SOURCE MATERIAL START

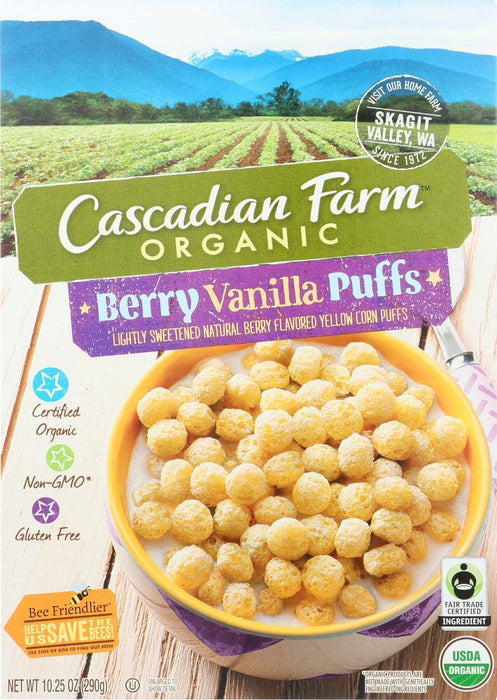 Cascadian Farm: Berry Vanilla Puffs Cereal, 10.25 Oz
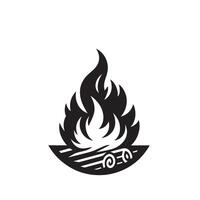Feuer Flamme Silhouette auf Weiß Hintergrund. Feuer Flamme Logo vektor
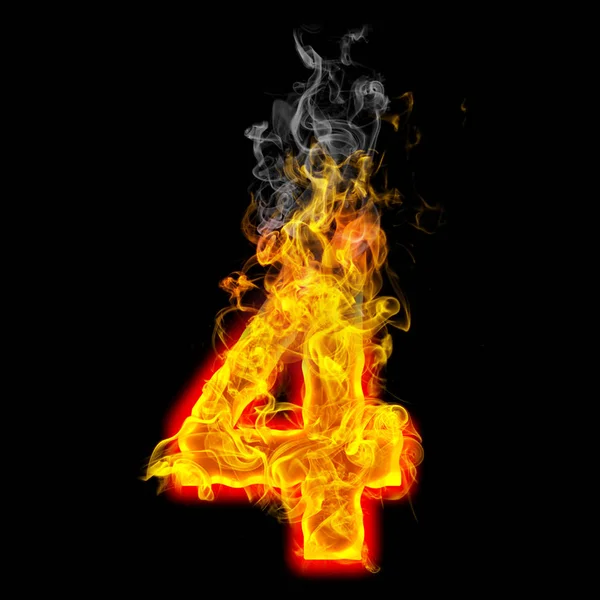 Number Four Fire Black Background — Stock Photo, Image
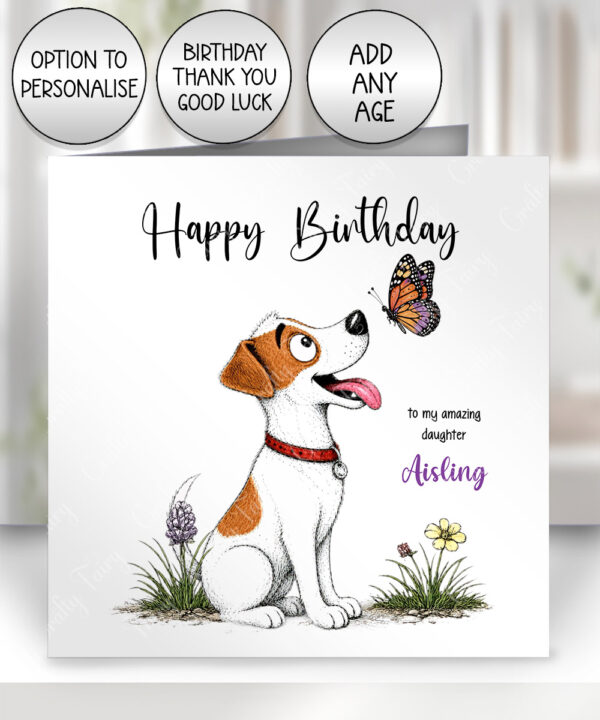 personalised jack russell dog & butterfly greeting card – birthday, all occasions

SOURCE MATERIAL END

▶ [TASK INSTRUCTIONS]: Return all the material exactly, skipping pictures.

▶ [ANSWER SPACE]:
 Cascadian Farm: Berry Vanilla Puffs Cereal, 10.25 Oz
Feuer Flamme Silhouette auf Weiß Hintergrund. Feuer Flamme Logo vektor
 Number Four Fire Black Background — Stock Photo, Image
 personalised jack russell dog & butterfly greeting card – birthday, all occasions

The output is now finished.